Film review of Miss Marx

(Dir. Susanna Nicchiarelli, 2019)

by Don Longo

Tolstoy says somewhere that happy families have no history; if that’s true the Marx family is a rich source of historical reflection, marked as it was by struggle, poverty and tragedy. A recent film, Miss Marx, on the life of Karl Marx’s youngest daughter, Eleanor (1855-1898), offers a story of both rebellion and heartbreak. The film broadly follows the events and perspectives in a biography published by Rachel Holmes, Eleanor Marx (London: Bloomsbury, 2014).
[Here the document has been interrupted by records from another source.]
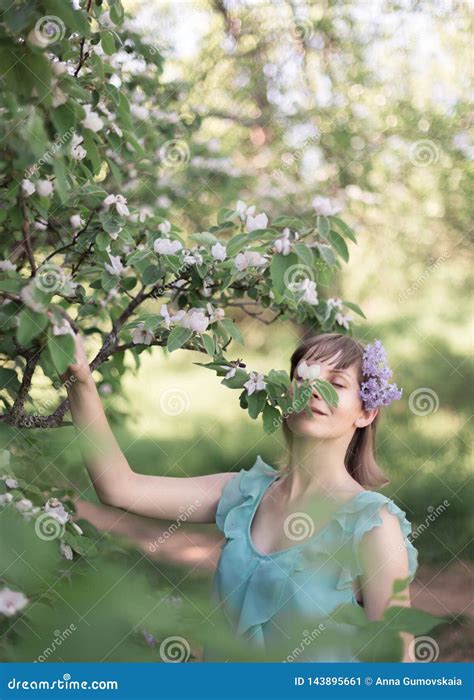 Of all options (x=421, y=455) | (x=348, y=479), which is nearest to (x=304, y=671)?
(x=348, y=479)

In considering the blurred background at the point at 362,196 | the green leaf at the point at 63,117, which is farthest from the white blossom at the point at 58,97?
the blurred background at the point at 362,196

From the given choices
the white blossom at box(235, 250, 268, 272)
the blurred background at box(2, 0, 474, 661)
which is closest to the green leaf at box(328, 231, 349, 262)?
the white blossom at box(235, 250, 268, 272)

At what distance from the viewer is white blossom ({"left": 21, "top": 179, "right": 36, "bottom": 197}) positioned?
4.12 ft

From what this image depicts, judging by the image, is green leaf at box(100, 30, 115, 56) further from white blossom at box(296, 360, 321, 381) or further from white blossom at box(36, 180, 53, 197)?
white blossom at box(296, 360, 321, 381)

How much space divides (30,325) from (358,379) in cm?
80

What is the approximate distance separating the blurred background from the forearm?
2.44m

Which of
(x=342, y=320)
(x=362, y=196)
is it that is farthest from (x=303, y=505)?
(x=362, y=196)

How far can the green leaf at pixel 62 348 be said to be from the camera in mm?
1018

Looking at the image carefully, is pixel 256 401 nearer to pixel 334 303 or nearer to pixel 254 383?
pixel 254 383

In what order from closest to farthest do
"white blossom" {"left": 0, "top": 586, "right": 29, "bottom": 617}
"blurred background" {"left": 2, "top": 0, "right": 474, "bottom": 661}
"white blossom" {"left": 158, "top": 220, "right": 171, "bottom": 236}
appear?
"white blossom" {"left": 0, "top": 586, "right": 29, "bottom": 617} → "white blossom" {"left": 158, "top": 220, "right": 171, "bottom": 236} → "blurred background" {"left": 2, "top": 0, "right": 474, "bottom": 661}

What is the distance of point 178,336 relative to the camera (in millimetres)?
1323

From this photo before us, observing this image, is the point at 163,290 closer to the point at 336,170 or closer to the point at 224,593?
the point at 224,593

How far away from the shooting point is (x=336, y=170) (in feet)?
17.1

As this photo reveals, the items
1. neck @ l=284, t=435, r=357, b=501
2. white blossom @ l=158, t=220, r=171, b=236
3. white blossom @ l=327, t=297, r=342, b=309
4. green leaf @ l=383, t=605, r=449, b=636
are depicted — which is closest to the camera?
green leaf @ l=383, t=605, r=449, b=636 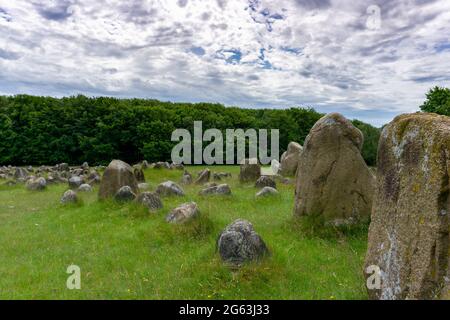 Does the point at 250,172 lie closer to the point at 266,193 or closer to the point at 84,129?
the point at 266,193

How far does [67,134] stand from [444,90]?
3941 cm

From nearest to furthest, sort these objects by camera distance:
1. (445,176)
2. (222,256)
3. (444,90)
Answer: (445,176) < (222,256) < (444,90)

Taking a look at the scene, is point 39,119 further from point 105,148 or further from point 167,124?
point 167,124

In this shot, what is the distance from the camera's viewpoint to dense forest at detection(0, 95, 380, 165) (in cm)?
4031

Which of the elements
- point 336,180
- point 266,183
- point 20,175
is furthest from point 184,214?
point 20,175

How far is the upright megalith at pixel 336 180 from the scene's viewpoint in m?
9.70

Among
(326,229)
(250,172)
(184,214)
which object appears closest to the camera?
(326,229)

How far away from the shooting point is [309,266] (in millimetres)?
7617

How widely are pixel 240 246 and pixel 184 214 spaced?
3.18 metres

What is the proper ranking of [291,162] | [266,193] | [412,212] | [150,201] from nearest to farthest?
[412,212] → [150,201] → [266,193] → [291,162]

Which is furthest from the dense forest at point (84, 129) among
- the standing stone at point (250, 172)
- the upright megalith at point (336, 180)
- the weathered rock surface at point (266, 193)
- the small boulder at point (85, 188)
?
the upright megalith at point (336, 180)

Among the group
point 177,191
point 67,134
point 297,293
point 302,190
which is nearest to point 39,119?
point 67,134

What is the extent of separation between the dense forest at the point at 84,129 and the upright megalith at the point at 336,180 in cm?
3034

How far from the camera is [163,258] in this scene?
841 cm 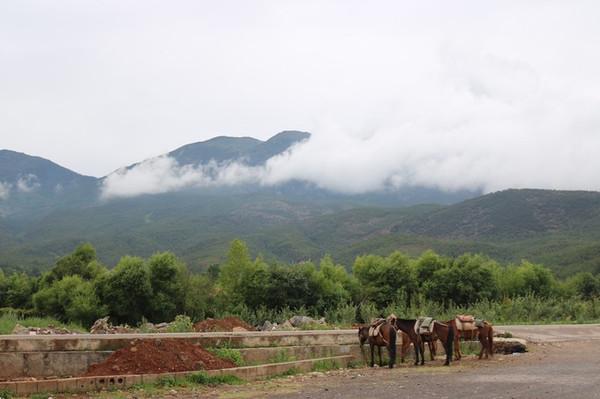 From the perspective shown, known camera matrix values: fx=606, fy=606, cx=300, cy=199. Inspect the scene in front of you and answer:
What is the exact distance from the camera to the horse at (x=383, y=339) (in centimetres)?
1605

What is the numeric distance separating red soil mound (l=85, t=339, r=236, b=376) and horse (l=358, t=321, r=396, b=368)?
162 inches

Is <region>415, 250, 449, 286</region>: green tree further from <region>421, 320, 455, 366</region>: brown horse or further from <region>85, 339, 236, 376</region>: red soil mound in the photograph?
<region>85, 339, 236, 376</region>: red soil mound

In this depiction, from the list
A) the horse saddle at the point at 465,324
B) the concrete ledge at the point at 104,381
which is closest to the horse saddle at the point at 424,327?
the horse saddle at the point at 465,324

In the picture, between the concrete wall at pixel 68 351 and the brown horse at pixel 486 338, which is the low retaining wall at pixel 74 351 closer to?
the concrete wall at pixel 68 351

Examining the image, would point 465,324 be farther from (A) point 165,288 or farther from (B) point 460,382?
(A) point 165,288

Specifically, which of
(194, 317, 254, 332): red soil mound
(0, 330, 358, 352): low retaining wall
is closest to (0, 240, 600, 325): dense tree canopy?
(194, 317, 254, 332): red soil mound

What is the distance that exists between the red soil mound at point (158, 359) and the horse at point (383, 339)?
13.5ft

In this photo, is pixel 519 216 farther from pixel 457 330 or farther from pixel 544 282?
pixel 457 330

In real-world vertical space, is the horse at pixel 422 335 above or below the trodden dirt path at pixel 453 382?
above

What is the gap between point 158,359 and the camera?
13.1 metres

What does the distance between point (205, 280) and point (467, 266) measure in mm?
21378

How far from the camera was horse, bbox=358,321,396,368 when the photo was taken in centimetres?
1605

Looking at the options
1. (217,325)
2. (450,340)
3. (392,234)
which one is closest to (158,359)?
(450,340)

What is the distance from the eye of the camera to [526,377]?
44.3 ft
Miss Marx (1h 47min) is an important addition to the drama of the Marx family. It is the fourth film directed by Italian Susanna Nicchiarelli (b. 1975). It had its world premiere at the Venice film festival in 2020 where it obtained the FEDIC (Federazione Italiana dei Cineclub) award for Best Film – not the most coveted prize, but a respectable award nonetheless. The film is in English even though it was funded by Italian and Belgian investors, probably to get maximum exposure in the Anglosphere. It was shown as part of Adelaide’s British Film Festival hosted by Palace films in November-December 2021. It was only shown twice and attracted a modest number of viewers. It is an important film in an environment where cinemas and Netflix saturate the market with mindless Marvel and escapist drivel or, worse, movies and TV series with reactionary ideologies that promote crude nationalisms under the guise of history. But that’s another story.

The film’s plot is simple: it begins with Eleanor (Romola Garai) speaking at Marx’s (Phillip Gröning) burial at Highgate cemetery in 1883 and follows the rest of her life as she becomes romantically involved with Edward Aveling, a British socialist and spokesman for Darwinian evolutionary theory. The slow but ineluctable deterioration of this relationship is the centrepiece of the film, though there are short episodes about conditions in English factories, the abolition of child labour and women’s rights. Some flashbacks provide background to her life in the Marx household and some short scenes show others in her family, particularly Laura Marx and Paul Lafargue. There are brief appearances by Engels (John Sinclair) whose role is essentially reduced to a pivotal revelation about Marx’s relationship with the family’s housekeeper. Eleanor dies in 1898, disappointed in politics and betrayed in love. It’s left open whether Aveling had a direct hand in her demise.

Reviews about Miss Marx often downplay Eleanor’s individuality and refer to her as an abstraction: it is a film, they say, about ‘the ill-fated daughter of Marx’. And there is the rub: her historical presence was great but not as great as it could have been because of the vagaries of ‘fate’. She was an original thinker in her own right and certainly the most promising and talented of Marx’s children, but in effect she added little to her father’s canon. Her story is one of unfulfilled promise and great but wasted talent. A common enough story, but the film’s main interest lies in the broader questions it raises about the connections between ideas and being, theory and practice, the personal and the political.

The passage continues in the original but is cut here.